Even at this integrated school, parents can become emotional about how history is presented and let McFall know when they are displeased. Parents will occasionally tell him they don’t want their son or daughter learning any “Fenian” history. “Fenian” is a derogatory term for Catholics.

“I tell them I won’t teach bigoted, sectarian history,” says McFall, who was 17 in 1972, the worst year of the Troubles, when 467 people were killed. “History is not just about blue or white or orange and green. There are shades of gray, and we ask children to address both sides of the argument.”

When he covers Bloody Sunday, for example, after students research and learn about the events of the day, he will have Catholic students present an argument from the side of the British military and Protestants from the perspective of the Catholic civil rights marchers.

“You embrace the myths which come almost from their mothers’ milk or from their grandmothers’ knee,” McFall says. “We give them the ‘orange’ version and the ‘green’ version, and then we say, ‘Let’s look at what actually happened.’ People like to cherish myths. They are comfortable.
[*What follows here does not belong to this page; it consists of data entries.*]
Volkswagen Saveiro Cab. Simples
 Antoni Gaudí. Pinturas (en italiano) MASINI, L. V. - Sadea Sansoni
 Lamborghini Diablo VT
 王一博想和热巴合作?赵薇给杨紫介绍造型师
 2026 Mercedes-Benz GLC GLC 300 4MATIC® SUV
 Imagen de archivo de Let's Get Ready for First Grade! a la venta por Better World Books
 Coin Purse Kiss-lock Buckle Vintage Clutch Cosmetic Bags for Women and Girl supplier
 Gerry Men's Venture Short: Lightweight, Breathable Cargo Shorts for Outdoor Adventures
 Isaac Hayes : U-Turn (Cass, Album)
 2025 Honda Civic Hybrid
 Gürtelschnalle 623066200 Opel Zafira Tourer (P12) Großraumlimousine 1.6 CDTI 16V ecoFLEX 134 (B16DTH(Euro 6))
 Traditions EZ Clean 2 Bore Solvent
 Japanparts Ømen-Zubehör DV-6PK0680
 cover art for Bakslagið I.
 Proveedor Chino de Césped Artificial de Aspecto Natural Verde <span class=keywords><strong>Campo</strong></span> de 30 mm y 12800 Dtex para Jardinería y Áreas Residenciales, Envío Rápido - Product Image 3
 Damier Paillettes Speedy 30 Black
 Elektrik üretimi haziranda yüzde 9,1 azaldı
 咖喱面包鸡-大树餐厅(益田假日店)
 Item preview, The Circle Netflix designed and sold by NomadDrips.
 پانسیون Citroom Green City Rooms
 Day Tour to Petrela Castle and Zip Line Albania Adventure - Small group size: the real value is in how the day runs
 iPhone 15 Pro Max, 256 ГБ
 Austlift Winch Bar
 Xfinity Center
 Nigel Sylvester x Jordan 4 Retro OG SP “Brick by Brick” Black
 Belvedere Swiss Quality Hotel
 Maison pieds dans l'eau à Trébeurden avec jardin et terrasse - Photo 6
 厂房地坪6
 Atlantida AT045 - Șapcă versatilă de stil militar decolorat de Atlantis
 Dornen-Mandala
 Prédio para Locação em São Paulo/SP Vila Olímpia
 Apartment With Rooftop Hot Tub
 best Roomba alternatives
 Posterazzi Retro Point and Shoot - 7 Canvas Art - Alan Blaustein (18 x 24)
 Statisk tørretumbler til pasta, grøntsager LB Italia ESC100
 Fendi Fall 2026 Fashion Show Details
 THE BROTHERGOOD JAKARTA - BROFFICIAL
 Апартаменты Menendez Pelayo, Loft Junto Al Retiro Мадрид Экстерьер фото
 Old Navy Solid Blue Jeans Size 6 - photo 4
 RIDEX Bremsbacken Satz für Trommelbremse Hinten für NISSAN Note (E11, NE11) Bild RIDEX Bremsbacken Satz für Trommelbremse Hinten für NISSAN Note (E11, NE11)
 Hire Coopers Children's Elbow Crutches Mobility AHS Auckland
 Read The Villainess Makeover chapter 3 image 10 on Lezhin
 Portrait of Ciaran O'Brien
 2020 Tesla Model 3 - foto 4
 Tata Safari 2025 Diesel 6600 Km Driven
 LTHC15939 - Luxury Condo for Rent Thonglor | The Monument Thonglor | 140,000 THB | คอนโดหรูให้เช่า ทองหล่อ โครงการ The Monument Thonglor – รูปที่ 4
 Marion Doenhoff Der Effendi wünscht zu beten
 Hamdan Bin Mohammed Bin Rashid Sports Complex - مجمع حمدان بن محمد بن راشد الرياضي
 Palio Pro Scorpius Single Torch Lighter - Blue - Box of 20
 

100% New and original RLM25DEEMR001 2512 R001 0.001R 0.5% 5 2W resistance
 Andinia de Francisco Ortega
The truth isn’t always comfortable.”

Noreen Campbell, a founding parent of Hazelwood College and the school’s principal, says that even when students have discussions about potentially sensitive topics, outbursts or fights rarely follow. “I think it’s partly to do with the environment and the need for sensitivity,” she says. “Children show respect for each other.”

One day in particular each year is devoted to exploring issues of identity. On “Speak Your Peace” day, teachers and community workers lead students in discussions about discrimination, political allegiance, religion, and history. Students bring in a symbol that represents themselves or their community. Paramilitary flags and football jerseys—as much of a political and religious statement here as anything else— are popular.

Brendon O’Loan, the religious education director at the school, helped put the day together. “We wanted to provide a forum to talk about those issues,” he said. “My policy is that no questions are taboo.”

On this day in late May, a group of students from Hazelwood College are preparing for a trip to the United States, where they will give a presentation about their school at an international education conference at the University of Washington in Seattle.

‘If I lived in the Middle East, I would want my children to go to school with Jews and Palestinians. If we lived in South Africa, I would want them to go to school with blacks and whites.’

Michelle Byrne and Aodhan Collins, both 15, are putting the final touches on a skit showing how both Catholics and Protestants are labeled and stereotyped. Collins plays a stereotypical working-class “Prod,” or Protestant, who is crazy about the Rangers football club. Like most “Prods,” he wears what Americans would call a baseball cap brim-side out instead of flipped up like Catholics. He calls Catholics “Taigs” or “Fenians.” Byrne plays the stereotypical Catholic who roots for the Celtics football club, says she’s going to “chapel” instead of “church” as the “Prods” do, and calls Protestants “Orangies.”

“It’s so stupid, isn’t it?” Byrne says about the endless ways Protestants and Catholics are identified and immediately sized up here.

For Stuart Arwan, a 15-year-old Protestant who transferred to the integrated school three years ago after seven years in a mainly Protestant school, the skit hits home. For years, he lived on the Shankill Road, well known here as a loyalist stronghold, and he grew up around relatives who are unionist paramilitaries. Just like his friends, he threw rocks at Catholics and called them “Fenians.”

“I was moving in the wrong direction,” Arwan admits outside school one afternoon between classes. “I wasn’t sure what I was getting into when I came here. I thought it would be different, but it was the best move I have ever made. The Catholics I’ve met here are just like me. When we leave here, we leave with a positive attitude.

“As long as people keep coming to these schools, things will change, or I think they will, at least. But it’s hard to change everything. It’s really up to you to make peace.”